GUADALAJARA, Mexico — Colombia’s Fidelio Films has had a week to remember at this year’s Guadalajara Intl. Film Festival (FICG) as its full slate of TV and film projects has impressed in a number of sections.
The company’s feature film “The Life and Death of Espíritu Perdomo” won the “El Taller” post-production prize and the Cinema226 development, co-production, production and promotion prizes at the Co-production Meeting for feature films, its series “Tenebris” is pitching at the first-ever FICG TV Pitchbox, and its shopping the first season of another series, “Tiburon Island,” which won the Mexican Film Institute (Imcine) development grant for television series last year and received a TV Pitchbox special mention.
“Tenebris” was created by David Figueroa García and Mauricio Leiva Cock, and is produced by Mauro Mueller and Juan Diego Villegas from Fidelio Films. The show’s eight hour-long episodes will be directed by Ed Sánchez.
Figueroa García recently lead-wrote an as-yet unannounced series in Mexico, and Leiva Cock was the head writer on “Frontera Verde from Ciro Guerra (“Birds of Passage”). Both have written episodes for “Tijuana” (Story House/Netflix) and “Falco” (Dynamo/Amazon Prime). Leiva Cock was also recently nominated, along with Cristian Conti, Javier Gullón and Javier Fuentes-León, for best telenovela or TV series script at the Premios India Catalina de la Industria Audiovisual for his work on the Dynamo series “WildDistrict.”
In the series, Gabriel Hoffman, a washed-up paranormal TV show host and medium, receives a request from Maria, a woman convinced her daughter is possessed. Gabriel arrives just as things slip completely into chaos, and the girls of the town begin falling ill. After a haunting dream of his own, Gabriel realizes that dark forces are at work, and is rotting the girls from the inside out.
While horror films have long found success at the box office, they’ve not always fares so well on TV. But producer Mauro Mueller is confident that will change.
“Horror stories are part of Latin America’s folklore. Superstition and magical thinking still permeates our daily life. Therefore, we believe it is inevitable that series begin to delve into the genre,” he told Variety, ahead of the pitch.
And, although it’s early days, the team has long-term plans for the series.
“The first season serves as a springboard for Gabriel, our protagonist, to regain the confidence in his own abilities,” Mueller explained. “Going forward, each season will explore different paranormal cases that put Gabriel and Clara at odds with their beliefs and drive them deeper into darkness.”
In “Tiburon Island,” Nadia, a half-Comcaac half-American woman, sets out on a journey to return to Tiburon Island, the native territory of the Comcaac nation where she was born.

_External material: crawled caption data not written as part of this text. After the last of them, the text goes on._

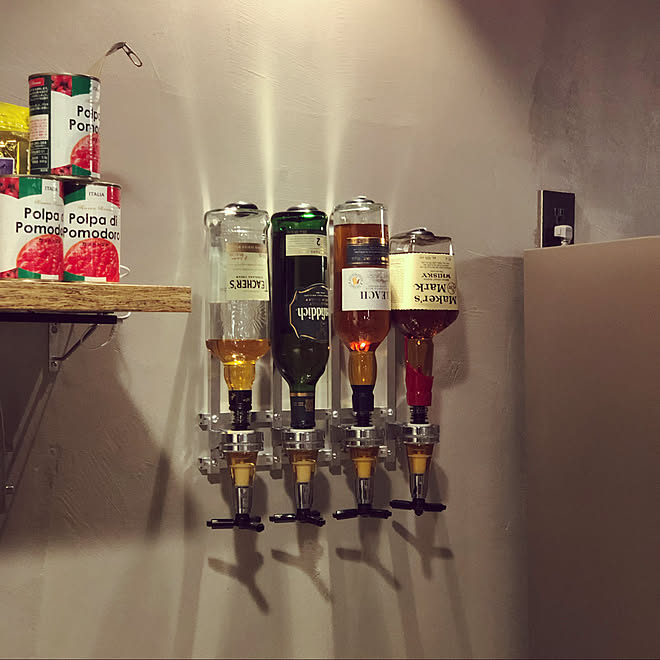 非常に高い品質 ワンショットメジャー スタンド 6ボトル ディスペンサー お酒 バー アルコールグッズ 非常に高い品質 ワンショットメジャー スタンド 6ボトル ディスペンサー お酒 バー アルコールグッズ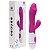 Vibrador Recarregável Ponto G 30 Modos De Vibração Vipmix - Imagem 6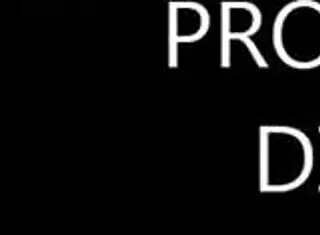 so this sexy webcam girl daisy gomez starts dancing all seductive like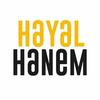 hayalhanemm06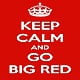 bigred5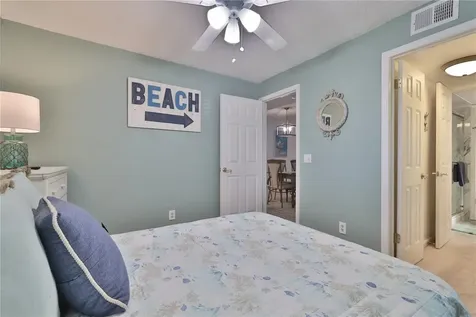 4407 Sea Mist Court New Smyrna Beach FL 32169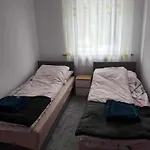 Pod Czarną Górą Stronie Śląskie
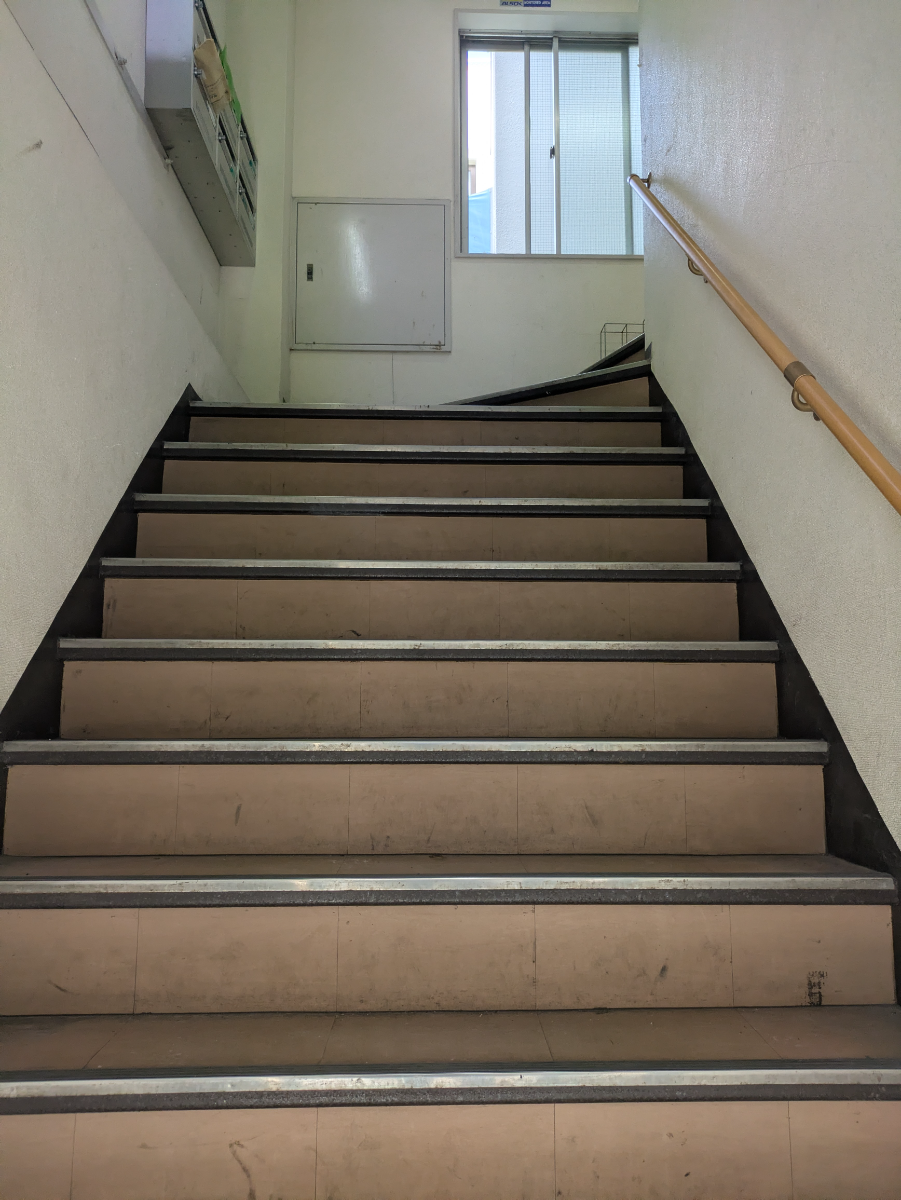 v20260928150753/fresh/building/J00100380628_4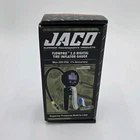 Jaco Flowpro Digital Tire Inflator Gauge - 200 Psi New. Price: $32.95.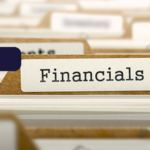 Oracle Cloud Financials Training (26A)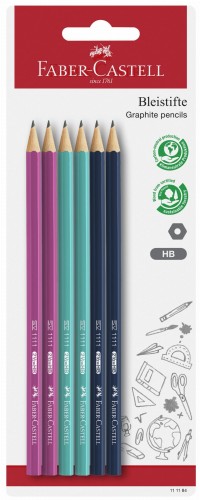 111184_Graphite pencil 1111 HB coloured BC 6x_High Res_78674.jpg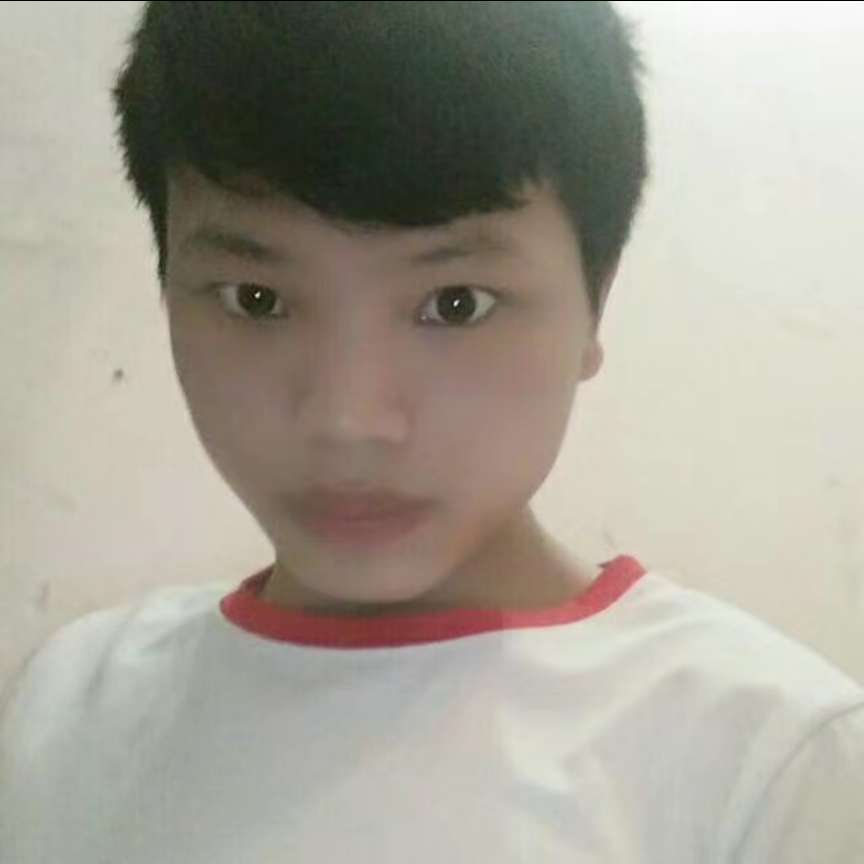 逐风和糊涂的照片
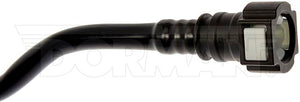 Dorman (Oe Solutions) 904-019 Fuel Line||904-019_2.Jpg||87||d18904019||1210874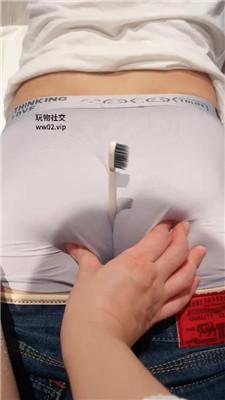 【网盘】【2024-11-04】【红颜】高跟裸足踩虐 JS241021-13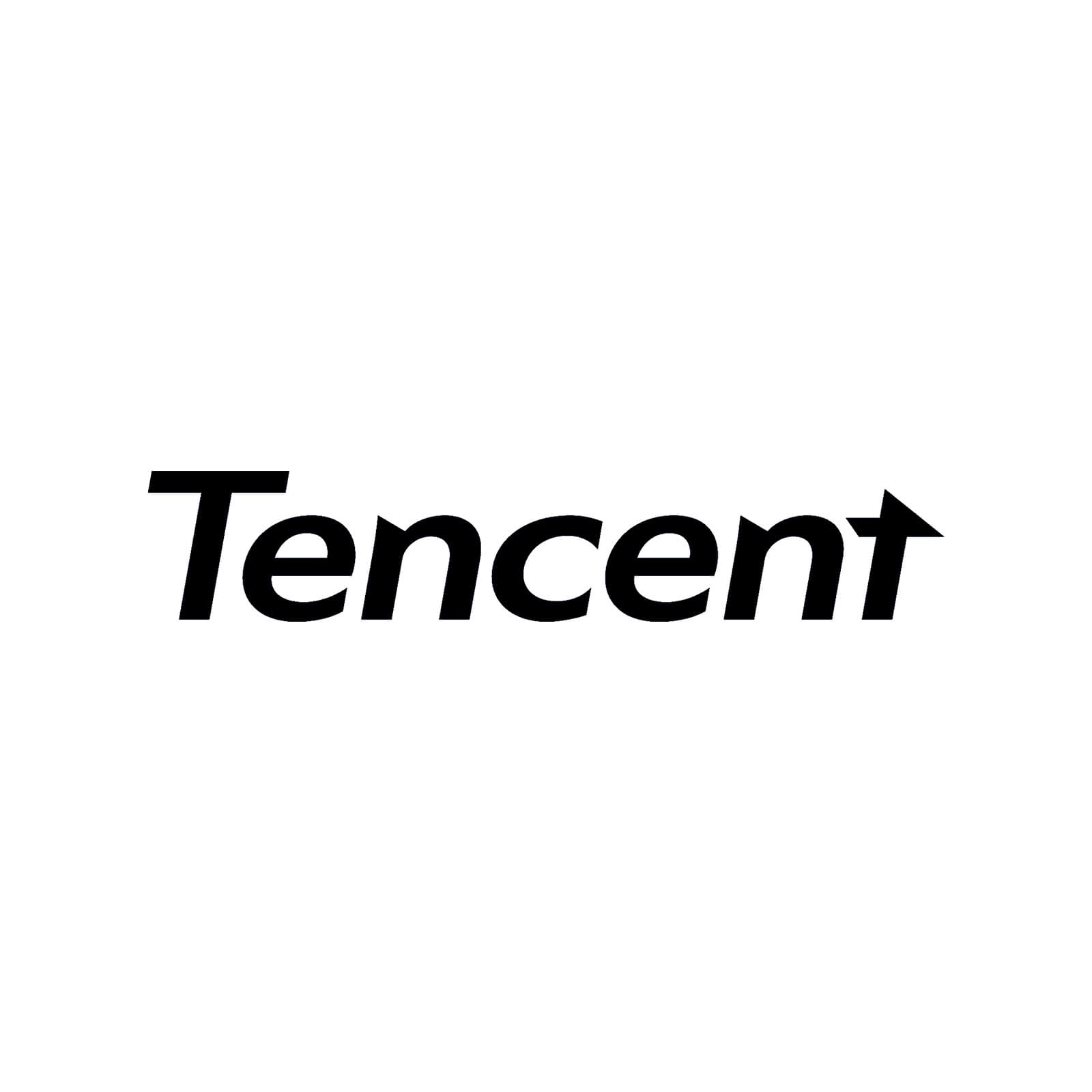 Tencent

There she will attempt to unravel the mystery surrounding her mother’s homicide, all the while conflicting with a tribe that no longer accepts her.

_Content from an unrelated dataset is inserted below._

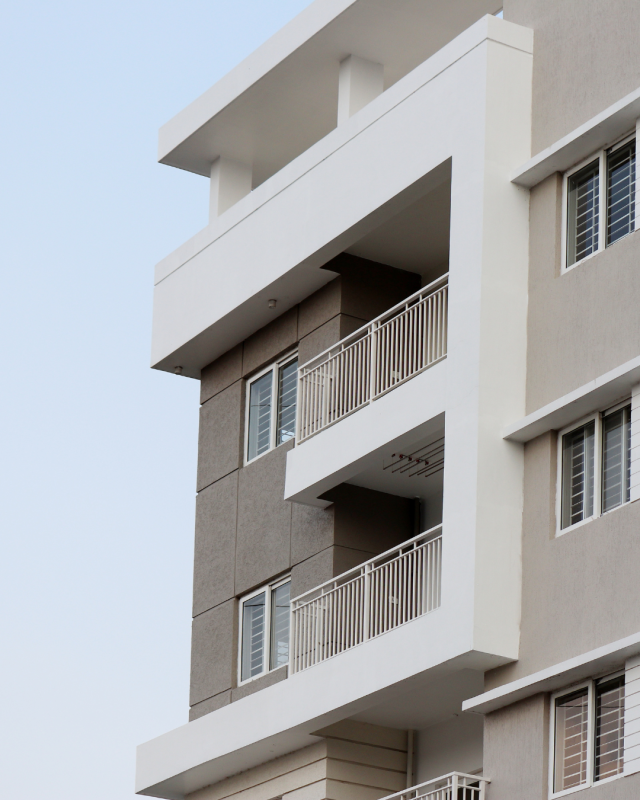 Análisis del mercado inmobiliario en Gran Canaria en 2024.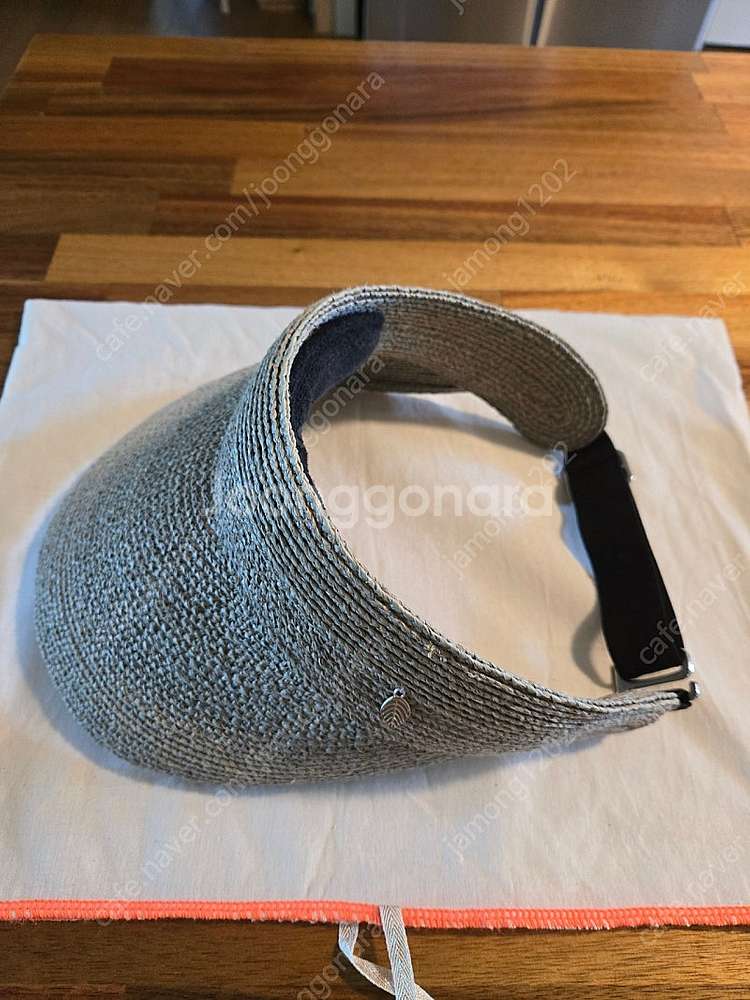 썬캡--0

The series is an original idea from Claudia González-Rubio, co-created and developed with Mueller.
“We believe [the series] is very timely in Mexico considering it is set in an indigenous community and features an indigenous protagonist. We intend for the show to create a mexafuturismo (or the indigenous futurism of Latin America), finding new narratives in which these characters that we previously saw as oppressed victims today break stereotypes,” said Mueller of the show.
“The Life and Death of Espíritu Perdomo” is director Mauricio Leiva Cock’s sophomore feature following “The Night of the Beast” – about two heavy metal kids who have tickets to the first ever Iron Maiden in Bogota, which is currently in post-production at Fidelio.
In the film, a homeless gravedigger creates a joyful society inside the cemetery where he works as a means of escaping the war-ravaged world outside the graveyard walls.